Diagram showing how Prefect deployments with flow runs work

As we’ll see in future articles, there are several ways you can use Kubernetes with Prefect. In this post we’ll get our feet wet with our agent and K8s infrastructure running locally, our Python flow code in AWS S3 remote storage, and Prefect Cloud as our orchestration engine.

Let’s do this! 🚀

Use the default Kubernetes Job infrastructure

We’ll start off with a basic setup and iterate in future posts.

Setup

Install Docker Desktop and enable K8s

Let’s run Kubernetes locally. If you don’t have K8s installed, I suggest using the version that ships with Docker Desktop.

If needed, download Docker Desktop for your operating system and fire it up. Then, enable Kubernetes. The Kubernetes menu is found by clicking on the gear icon in the top right of Docker Desktop.

docker desktop menu to enable kubernetes

Download and install Prefect

In your Python virtual environment, install the latest version of Prefect with pip install -U prefect or use the version in this post with pip install prefect==2.6.8.

Set up Prefect Cloud

If you haven’t connected your machine to Prefect Cloud before, make an API key by clicking on your account icon and creating a key.

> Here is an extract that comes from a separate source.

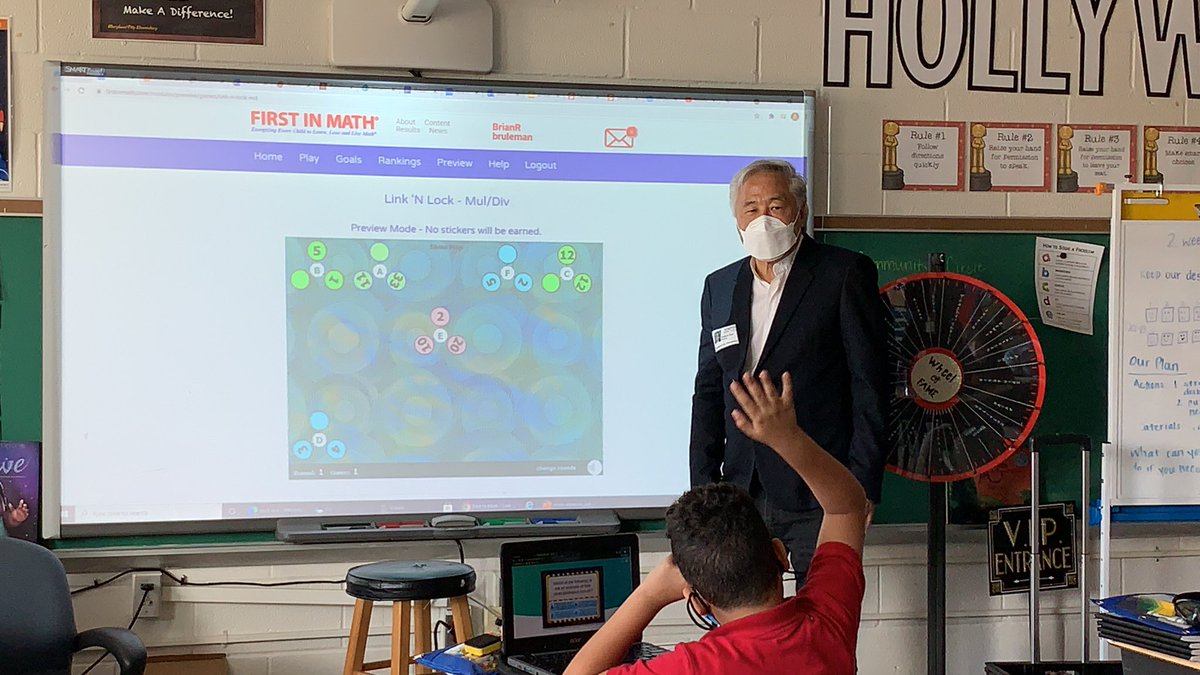 MDCityMath's tweet photo. @MDCityAACPS received a boost of inspiration today! Thank you @RobertSun24 for visiting and sharing your story and recognizing the goals that our Eagles are working on in @FirstInMath #70VIFS #mathisfun @TitleIAACPS @AACPS_PK5Math https://t.co/ol5BJr4QcM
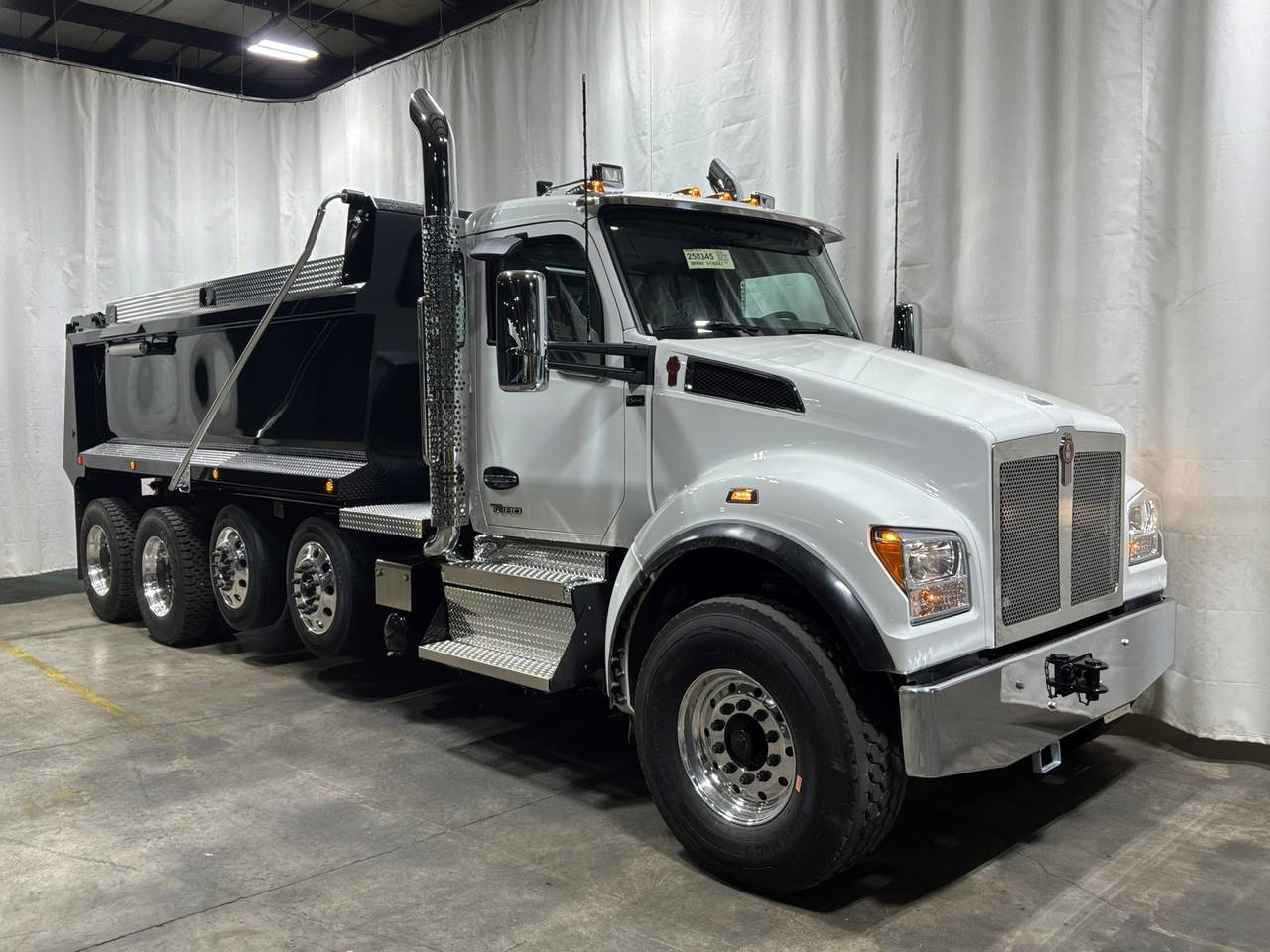 2027 Kenworth T880S Quad Axle Dump Truck, exterior photo 1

Copy the command line code snippet that appears when you create your key. Run the snippet in your terminal to save your key to your local Prefect profile.

Create flow code

We just want to demonstrate that things are working as expected. Let’s use some basic code that logs information about the network and instance. 🙂

from prefect import flow, get_run_logger
from platform import node, platform

@flow
def check():
    logger = get_run_logger()
    logger.info(f"Network: {node()}. ✅")
    logger.info(f"Instance: {platform()}. ✅")

if __name__ == "__main__":
    check()

We’ll upload this code to our S3 bucket.

Create AWS S3 bucket

Create an AWS S3 bucket with the default settings.

Set IAM User

For this tutorial, you could leave your bucket unsecured, but that’s not a great practice. Instead, let’s use the AWS credentials of an IAM user with access to interact with S3.

If you don’t have one yet, create a user with S3 read and write permissions in the AWS console.

Make an access key for the new user. Then copy the Access key ID and Secret access key — you’ll use them when you create your Prefect S3 Block.

Create S3 remote storage block

You can create a Prefect block from the UI or Python code. Here’s how you can create an S3 block from the UI.

From the Blocks menu, click on the + button and select the S3 block.

Give the block a unique name and your bucket path. Then input your Access key ID and Secret access key that you created earlier.

Create your Deployment

Next we’ll build and apply our deployment from the command line. Alternatively, we could have defined our deployment in a Python file, as I showed here.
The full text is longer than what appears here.